■ **Stored items**

^^^^^^^^

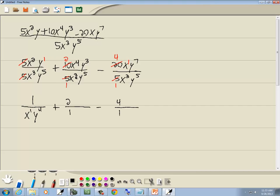x to the fourth over x to the third: subtract the smaller exponent from the larger one. 4 minus 3 is 1, and we're going to have x to that power where our larger exponent was, which was on top. y to the third over y to the fifth: subtract the smaller exponent from the larger one. 5 minus 3 is 2, and we're going to have y squared where the larger exponent was, which was down below.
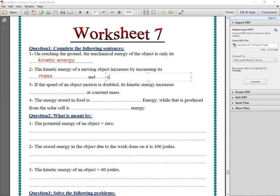The kinetic energy of this object increases, so it increases by increasing its mass and its speed. Number three: if the speed of an object in motion is doubled, its kinetic energy increases into what, at constant mass?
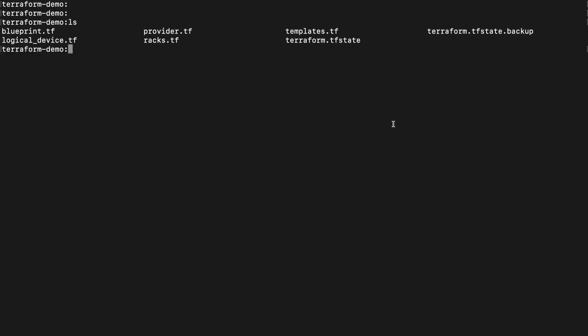If we hop over to our Terraform files, we can see those same items are reflected here. We have our racks, we have our templates, we have our logical devices, and finally, we have our blueprint.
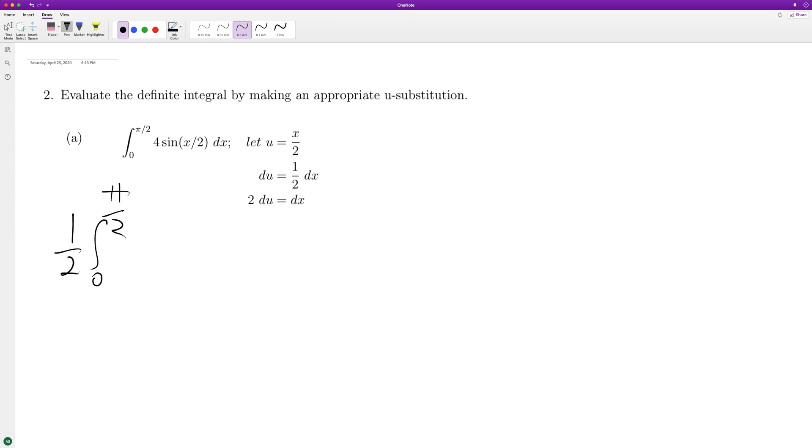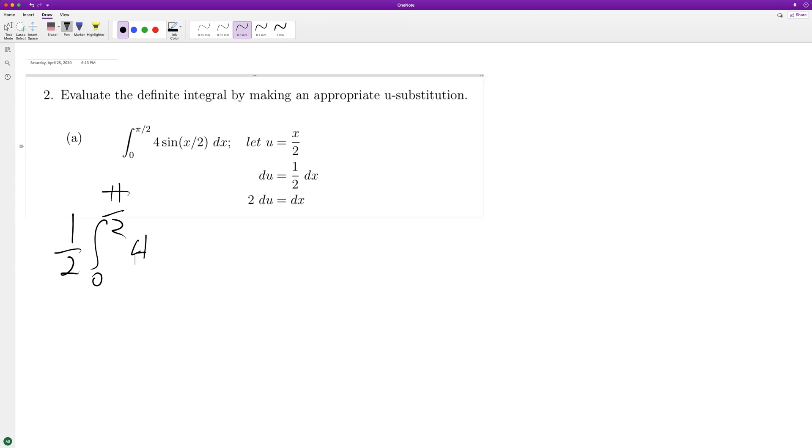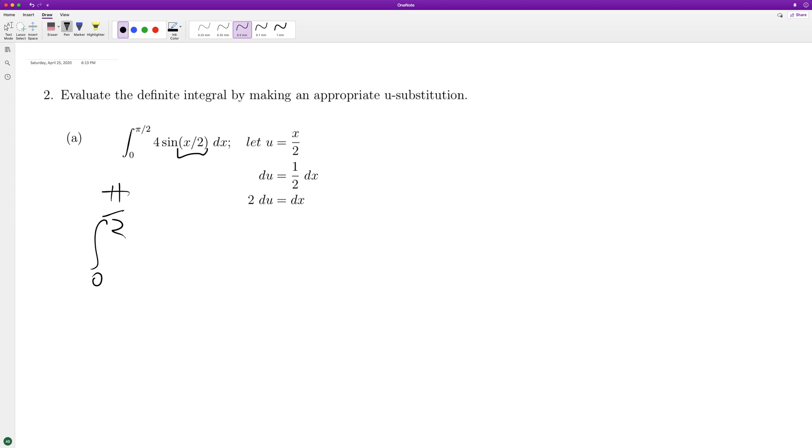And then this is going to be 4 negative, negative cosine. So the derivative of this is 1 half, so we actually need to make this an 8. This becomes negative cosine of u, but this becomes x over 2.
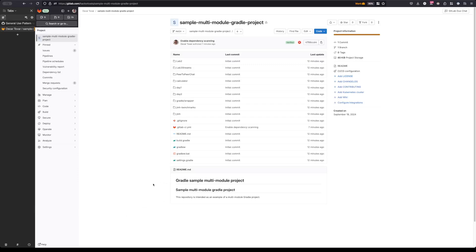Hello everyone, my name is Oscar Tovar and I'm a backend engineer on the software composition analysis team here at GitLab, and today I'll be going over the new dependency scanning experience on a multi-module Gradle project.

^^^^^^^^

■ **Problem to solve**
All lines from the one containing "And then this" through the final line of the entries above are to be copied exactly; the pictures are not.

■ **Solution**
And then this is going to be 4 negative, negative cosine. So the derivative of this is 1 half, so we actually need to make this an 8. This becomes negative cosine of u, but this becomes x over 2.
Hello everyone, my name is Oscar Tovar and I'm a backend engineer on the software composition analysis team here at GitLab, and today I'll be going over the new dependency scanning experience on a multi-module Gradle project.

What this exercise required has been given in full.